Position Adjustments

Overplotting and `position = "jitter"`

The values of hwy and displ are rounded so the points appear on a grid and many points overlap each other.
- This problem is known as overplotting.
You can avoid the overlapping problem by setting the position adjustment to jitter.
- position = "jitter" adds a small amount of random noise to each point.

ggplot(data = mpg) + 
  geom_point(mapping = aes(x = displ, y = hwy), position = [?])

32 / 69

Position Adjustments

Exercises

What is the problem with this plot? How could you improve it?

ggplot(data = mpg, mapping = aes(x = cty, y = hwy)) + 
  geom_point()

What parameters to geom_jitter() control the amount of jittering?
Compare and contrast geom_jitter() with geom_count().
What’s the default position adjustment for geom_boxplot()? Create a visualization of the mpg dataset that demonstrates it.

33 / 69

Coordinate
34 / 69

Coordinate Systems

The default coordinate system is the Cartesian coordinate system where the x and y positions act independently to determine the location of each point.
There are a number of other coordinate systems that are occasionally helpful.

35 / 69

Coordinate Systems

`coord_flip()`

coord_flip() switches the x and y axes.
This is useful (for example), if you want horizontal boxplots.
It's also useful for long labels: it's hard to get them to fit without overlapping on the x-axis.

ggplot(data = mpg, mapping = aes(x = class, y = hwy)) + 
  geom_boxplot()
ggplot(data = mpg, mapping = aes(x = class, y = hwy)) + 
  geom_boxplot() +
  coord_flip()

36 / 69

Coordinate Systems

`coord_quickmap()`

coord_quickmap() sets the aspect ratio correctly for maps.

county <- map_data("county")   # Map data for US Counties
ny <- filter(county,      # We will discuss 'filter()' in the next chapter
             region == "new york")
ggplot(ny, aes(long, lat, group = group)) +
  geom_polygon(fill = "white", color = "black")
ggplot(ny, aes(long, lat, group = group)) +
  geom_polygon(fill = "white", color = "black") +
  coord_quickmap()

37 / 69

Coordinate Systems

Exercises

What does labs() do? Read the documentation.
What does the plot below tell you about the relationship between city and highway mpg? Why is coord_fixed() important? What does geom_abline() do?

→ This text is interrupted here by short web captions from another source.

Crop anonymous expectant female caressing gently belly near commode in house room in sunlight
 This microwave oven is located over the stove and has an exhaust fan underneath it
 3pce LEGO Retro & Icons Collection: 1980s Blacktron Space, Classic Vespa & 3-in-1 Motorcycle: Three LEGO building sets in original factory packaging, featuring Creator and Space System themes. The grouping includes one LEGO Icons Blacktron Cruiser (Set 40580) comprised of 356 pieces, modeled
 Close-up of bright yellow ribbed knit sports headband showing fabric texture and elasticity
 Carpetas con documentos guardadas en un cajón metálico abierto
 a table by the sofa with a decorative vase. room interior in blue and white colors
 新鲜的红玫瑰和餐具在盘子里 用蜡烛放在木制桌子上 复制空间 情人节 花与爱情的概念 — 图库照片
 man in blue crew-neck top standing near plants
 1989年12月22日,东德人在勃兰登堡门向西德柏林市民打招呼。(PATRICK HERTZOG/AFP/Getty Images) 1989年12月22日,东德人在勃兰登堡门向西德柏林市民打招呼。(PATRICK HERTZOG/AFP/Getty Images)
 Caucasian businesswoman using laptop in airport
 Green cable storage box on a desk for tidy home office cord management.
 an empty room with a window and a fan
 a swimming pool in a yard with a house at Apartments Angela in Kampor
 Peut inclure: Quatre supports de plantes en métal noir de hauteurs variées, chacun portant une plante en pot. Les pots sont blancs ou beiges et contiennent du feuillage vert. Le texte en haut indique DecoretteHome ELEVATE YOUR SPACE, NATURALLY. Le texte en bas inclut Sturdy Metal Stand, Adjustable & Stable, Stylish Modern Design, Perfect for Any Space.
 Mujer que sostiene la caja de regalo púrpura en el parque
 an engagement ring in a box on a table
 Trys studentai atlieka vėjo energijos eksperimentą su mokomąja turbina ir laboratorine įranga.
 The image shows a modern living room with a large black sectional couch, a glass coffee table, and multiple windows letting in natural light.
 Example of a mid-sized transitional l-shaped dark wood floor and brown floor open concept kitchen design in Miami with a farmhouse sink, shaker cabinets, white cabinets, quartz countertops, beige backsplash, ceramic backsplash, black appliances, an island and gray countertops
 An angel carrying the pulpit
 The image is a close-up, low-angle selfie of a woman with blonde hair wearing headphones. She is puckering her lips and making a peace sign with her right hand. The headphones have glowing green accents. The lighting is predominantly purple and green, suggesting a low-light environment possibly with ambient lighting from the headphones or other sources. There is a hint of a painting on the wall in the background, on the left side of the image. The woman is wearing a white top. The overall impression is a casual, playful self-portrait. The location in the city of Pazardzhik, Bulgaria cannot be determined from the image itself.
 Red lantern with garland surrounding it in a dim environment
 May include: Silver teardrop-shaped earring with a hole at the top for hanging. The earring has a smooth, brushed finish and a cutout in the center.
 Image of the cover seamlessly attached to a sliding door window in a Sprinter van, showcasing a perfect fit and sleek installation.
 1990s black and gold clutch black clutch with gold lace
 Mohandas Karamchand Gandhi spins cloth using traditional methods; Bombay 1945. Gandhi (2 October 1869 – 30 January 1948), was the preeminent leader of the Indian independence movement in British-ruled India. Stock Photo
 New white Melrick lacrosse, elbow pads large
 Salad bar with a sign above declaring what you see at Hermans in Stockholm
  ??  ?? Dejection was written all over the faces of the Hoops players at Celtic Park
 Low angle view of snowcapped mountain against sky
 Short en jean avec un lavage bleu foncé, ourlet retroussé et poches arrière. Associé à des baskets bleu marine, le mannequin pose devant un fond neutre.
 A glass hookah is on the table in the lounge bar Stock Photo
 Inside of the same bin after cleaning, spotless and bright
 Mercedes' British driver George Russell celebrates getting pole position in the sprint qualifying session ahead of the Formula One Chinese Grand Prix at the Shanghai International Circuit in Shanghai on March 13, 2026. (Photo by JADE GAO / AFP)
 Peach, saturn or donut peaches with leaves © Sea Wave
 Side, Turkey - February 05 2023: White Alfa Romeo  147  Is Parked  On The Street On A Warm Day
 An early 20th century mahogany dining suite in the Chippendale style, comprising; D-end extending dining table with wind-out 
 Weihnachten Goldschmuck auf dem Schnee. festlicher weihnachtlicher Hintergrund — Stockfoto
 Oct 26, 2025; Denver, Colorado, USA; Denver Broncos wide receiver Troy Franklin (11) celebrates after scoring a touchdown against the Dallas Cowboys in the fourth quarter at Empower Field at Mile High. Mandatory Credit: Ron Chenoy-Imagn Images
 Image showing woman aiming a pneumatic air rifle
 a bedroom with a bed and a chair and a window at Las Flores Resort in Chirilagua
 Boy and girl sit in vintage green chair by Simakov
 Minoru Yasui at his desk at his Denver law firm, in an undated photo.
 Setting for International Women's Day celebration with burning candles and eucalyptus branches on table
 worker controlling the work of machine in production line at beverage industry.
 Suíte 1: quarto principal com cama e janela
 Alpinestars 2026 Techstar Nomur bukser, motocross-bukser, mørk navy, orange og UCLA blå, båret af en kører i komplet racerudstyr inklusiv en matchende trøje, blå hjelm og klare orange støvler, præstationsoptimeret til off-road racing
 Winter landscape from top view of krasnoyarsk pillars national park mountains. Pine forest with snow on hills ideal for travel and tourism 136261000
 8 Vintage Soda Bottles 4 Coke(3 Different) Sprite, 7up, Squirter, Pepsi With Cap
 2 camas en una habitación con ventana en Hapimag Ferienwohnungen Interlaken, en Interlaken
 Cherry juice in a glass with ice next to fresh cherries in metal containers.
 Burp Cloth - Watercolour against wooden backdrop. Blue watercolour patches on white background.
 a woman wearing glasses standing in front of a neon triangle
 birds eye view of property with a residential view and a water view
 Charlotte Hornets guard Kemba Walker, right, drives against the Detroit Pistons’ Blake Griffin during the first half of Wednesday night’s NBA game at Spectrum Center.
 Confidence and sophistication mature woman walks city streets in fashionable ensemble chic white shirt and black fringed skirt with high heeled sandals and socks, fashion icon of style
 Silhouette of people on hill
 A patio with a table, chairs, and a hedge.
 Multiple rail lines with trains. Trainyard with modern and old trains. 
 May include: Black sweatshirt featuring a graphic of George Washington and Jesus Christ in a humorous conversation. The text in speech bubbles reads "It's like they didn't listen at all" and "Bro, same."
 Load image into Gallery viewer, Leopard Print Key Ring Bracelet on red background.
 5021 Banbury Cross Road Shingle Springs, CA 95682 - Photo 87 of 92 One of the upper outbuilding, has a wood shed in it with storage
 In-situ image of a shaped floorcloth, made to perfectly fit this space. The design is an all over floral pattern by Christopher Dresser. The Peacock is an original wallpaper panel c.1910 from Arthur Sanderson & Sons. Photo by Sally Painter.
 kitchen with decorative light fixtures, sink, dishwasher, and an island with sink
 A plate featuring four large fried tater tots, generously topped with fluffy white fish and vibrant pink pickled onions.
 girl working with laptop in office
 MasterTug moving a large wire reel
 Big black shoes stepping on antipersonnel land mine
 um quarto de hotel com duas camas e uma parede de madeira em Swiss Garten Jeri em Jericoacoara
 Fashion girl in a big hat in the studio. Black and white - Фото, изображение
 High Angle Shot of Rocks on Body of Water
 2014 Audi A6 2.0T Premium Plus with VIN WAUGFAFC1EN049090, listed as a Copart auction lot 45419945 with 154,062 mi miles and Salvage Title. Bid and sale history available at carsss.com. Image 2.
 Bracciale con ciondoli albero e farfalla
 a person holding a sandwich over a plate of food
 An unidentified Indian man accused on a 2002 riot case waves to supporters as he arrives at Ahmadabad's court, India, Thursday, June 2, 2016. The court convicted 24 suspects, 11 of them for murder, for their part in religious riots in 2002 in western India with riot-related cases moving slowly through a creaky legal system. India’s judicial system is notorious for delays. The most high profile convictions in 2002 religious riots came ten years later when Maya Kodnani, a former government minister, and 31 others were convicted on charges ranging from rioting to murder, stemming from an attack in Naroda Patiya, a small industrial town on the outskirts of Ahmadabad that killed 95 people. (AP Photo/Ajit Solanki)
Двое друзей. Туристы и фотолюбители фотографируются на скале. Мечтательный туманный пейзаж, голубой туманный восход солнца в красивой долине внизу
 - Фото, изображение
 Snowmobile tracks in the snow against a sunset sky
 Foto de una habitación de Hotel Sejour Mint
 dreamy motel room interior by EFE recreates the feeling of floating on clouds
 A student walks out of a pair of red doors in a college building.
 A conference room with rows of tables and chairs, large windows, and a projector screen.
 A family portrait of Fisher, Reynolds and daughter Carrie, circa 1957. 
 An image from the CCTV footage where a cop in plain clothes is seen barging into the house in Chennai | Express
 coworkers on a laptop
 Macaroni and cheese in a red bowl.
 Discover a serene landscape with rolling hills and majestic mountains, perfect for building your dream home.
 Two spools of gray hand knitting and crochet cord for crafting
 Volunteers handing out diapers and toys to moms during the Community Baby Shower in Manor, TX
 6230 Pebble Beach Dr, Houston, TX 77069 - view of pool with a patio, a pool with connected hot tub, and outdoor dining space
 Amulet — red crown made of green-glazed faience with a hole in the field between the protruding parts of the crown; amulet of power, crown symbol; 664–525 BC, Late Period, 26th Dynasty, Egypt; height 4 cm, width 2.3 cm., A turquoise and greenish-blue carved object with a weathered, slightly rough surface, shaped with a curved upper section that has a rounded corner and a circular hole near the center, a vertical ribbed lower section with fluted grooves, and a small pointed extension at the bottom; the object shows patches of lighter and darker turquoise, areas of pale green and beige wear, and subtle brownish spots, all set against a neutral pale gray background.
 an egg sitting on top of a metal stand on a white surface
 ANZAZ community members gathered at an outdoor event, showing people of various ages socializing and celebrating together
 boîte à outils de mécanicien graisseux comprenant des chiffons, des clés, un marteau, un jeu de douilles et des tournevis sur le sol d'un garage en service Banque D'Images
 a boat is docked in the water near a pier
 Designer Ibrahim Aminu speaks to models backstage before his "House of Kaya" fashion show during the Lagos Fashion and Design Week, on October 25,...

ggplot(data = mpg, mapping = aes(x = cty, y = hwy)) +
  geom_point() + 
  geom_abline() +
  coord_fixed()

38 / 69

ggplot Grammar
39 / 69

The Layered Grammar of Graphics

Let's add position adjustments, stats, coordinate systems, and faceting to our code template.

ggplot(data = <DATA>) + 
  <GEOM_FUNCTION>(
     mapping = aes(<MAPPINGS>),
     stat = <STAT>, 
     position = <POSITION>) +
  <COORDINATE_FUNCTION> +
  <FACET_FUNCTION>

The seven parameters---(1) a dataset, (2) a geom, (3) a set of mappings, (4) a stat, (5) a position adjustment, (6) a coordinate system, and (7) a faceting scheme---in the template compose the grammar of graphics, a formal system for building plots.

40 / 69

Exploraty Data Analysis I
41 / 69

Exploraty Data Analysis

Get to know data before modeling

We need to explore the data before building the model.
- No dataset is perfect.
- You'll have a more specific idea of what information most accurately predicts the probability of insurance coverage.

Data exploration uses a combination of ...
- Summary statistics
- Visualization
- Data transformation

42 / 69

Exploraty Data Analysis

Example

Suppose your goal is to build a model to predict which of our customers don't have health insurance.
We've collected a dataset of customers whose health insurance status you know.
We've also identified some customer properties that you believe help predict the probability of insurance coverage:
- age
- employment status
- income
- information about residence and vehicles, and so on

43 / 69

Summary Statistics
44 / 69

Summary Statistics

Use the summary() or skimr::skim() command to take your first look at the data.
- They report a variety of summary statistics on the numerical variables of the data frame, and count statistics on any categorical variables.

library(tidyverse)
library(skimr)
path <- "PATH_NAME_FOR_THE_FILE_custdata.RDS"
customer_data <- readRDS(path)
# The following is the same data file in my website.
path_web <- "https://bcdanl.github.io/data/custdata.csv"
customer_data <- read.table(path_web, 
                            sep = ',', 
                            header = TRUE)
skim(customer_data)

45 / 69

Summary Statistics

Typical problems revealed by data summaries

At this stage, we're looking for several common issues:
- Missing values
- Invalid values and outliers
- Data ranges that are too wide or too narrow
- The units of the data
Generally, the goal of modeling is to make good predictions on typical cases, or to identify causal relationships.
A model that is highly skewed to predict a rare case correctly may not always be the best model overall.

46 / 69

Summary Statistics

Missing values

The variable is_employed is missing for more than a third of the data.
- Why?

## is_employed
## FALSE: 2321
## TRUE :44887
## NA's :24333

47 / 69

Summary Statistics

Data range and variation

We should pay attention to how much the values in the data vary.
- Outliers are data points that fall well out of the range of where you expect the data to be.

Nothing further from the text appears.